Your task is to repeat exactly the lines below between the line holding "Crossbody Sport Case" and the line holding "Saints Row The", inclusive, and only those.

Given records: Begin

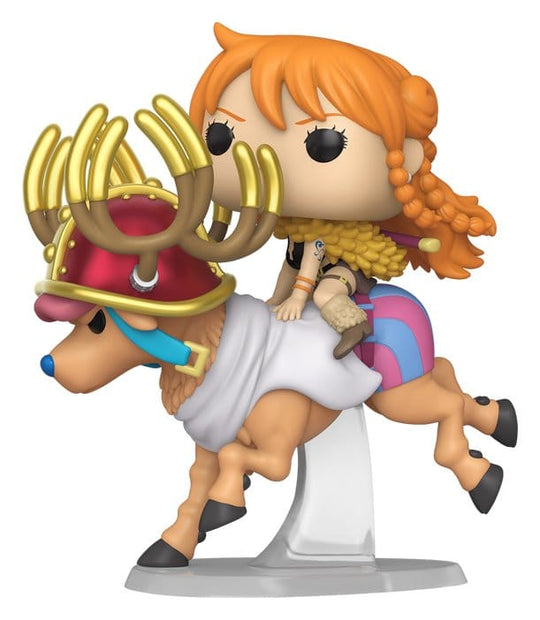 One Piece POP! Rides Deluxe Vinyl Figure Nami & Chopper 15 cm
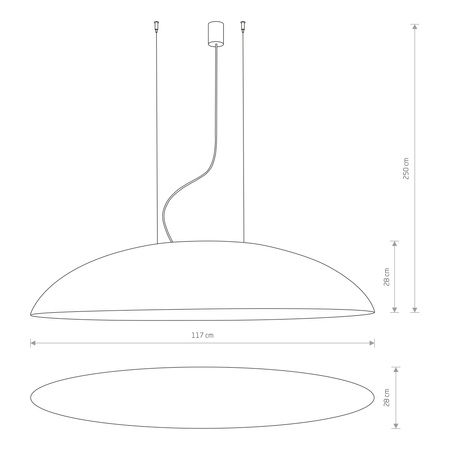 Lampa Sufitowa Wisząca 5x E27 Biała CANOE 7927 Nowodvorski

Given records: End
Given records: Begin

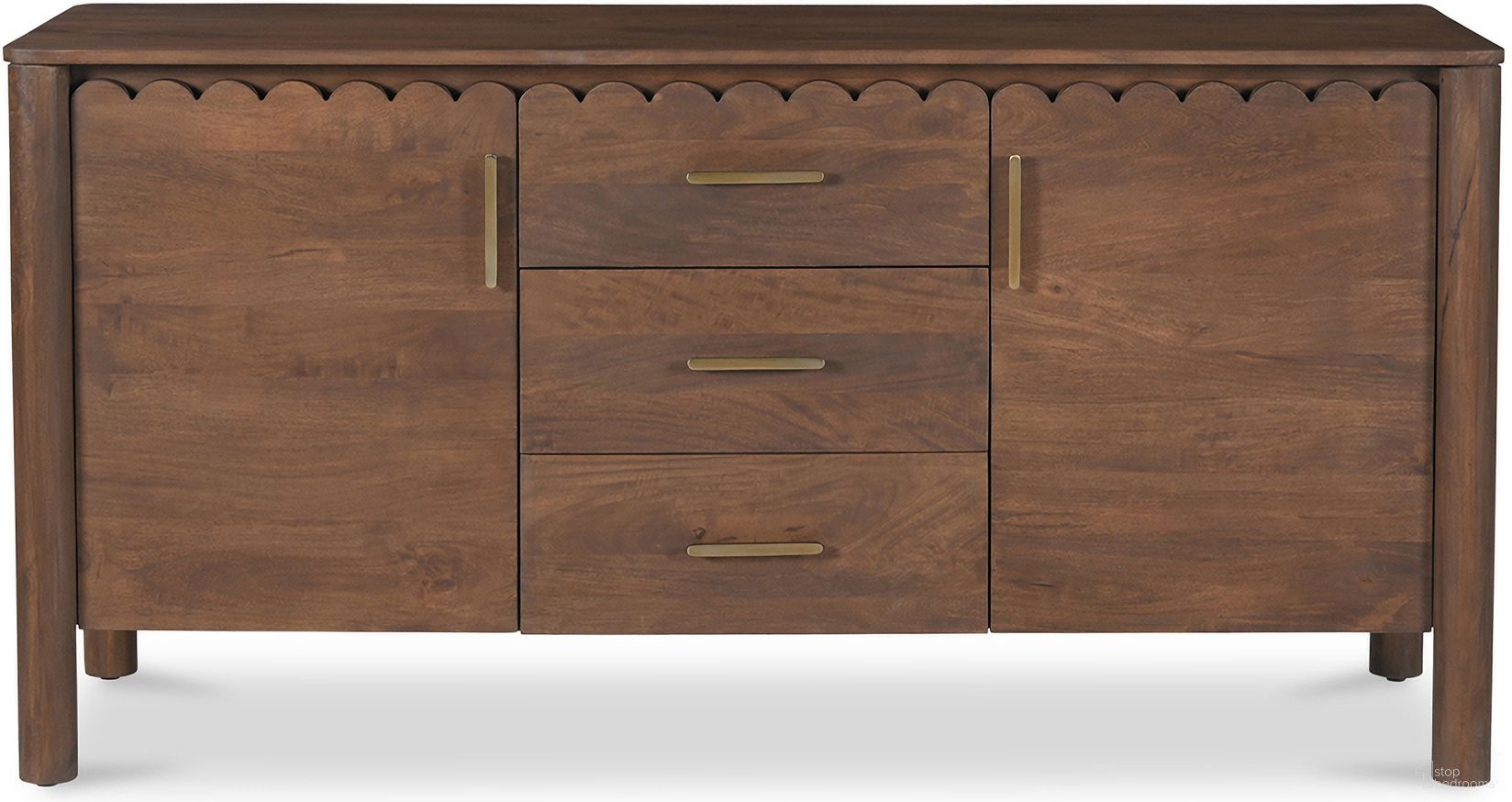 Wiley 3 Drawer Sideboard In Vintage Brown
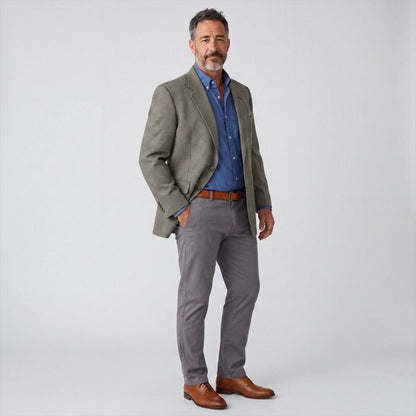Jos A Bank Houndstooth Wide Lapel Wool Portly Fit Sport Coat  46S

Given records: End
Given records: Begin

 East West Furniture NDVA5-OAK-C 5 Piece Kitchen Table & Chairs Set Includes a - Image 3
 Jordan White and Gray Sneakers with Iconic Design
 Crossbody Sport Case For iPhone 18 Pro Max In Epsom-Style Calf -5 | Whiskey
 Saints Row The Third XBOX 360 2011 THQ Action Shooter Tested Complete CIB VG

Given records: End

=== Finished exercise ===
 Crossbody Sport Case For iPhone 18 Pro Max In Epsom-Style Calf -5 | Whiskey
 Saints Row The Third XBOX 360 2011 THQ Action Shooter Tested Complete CIB VG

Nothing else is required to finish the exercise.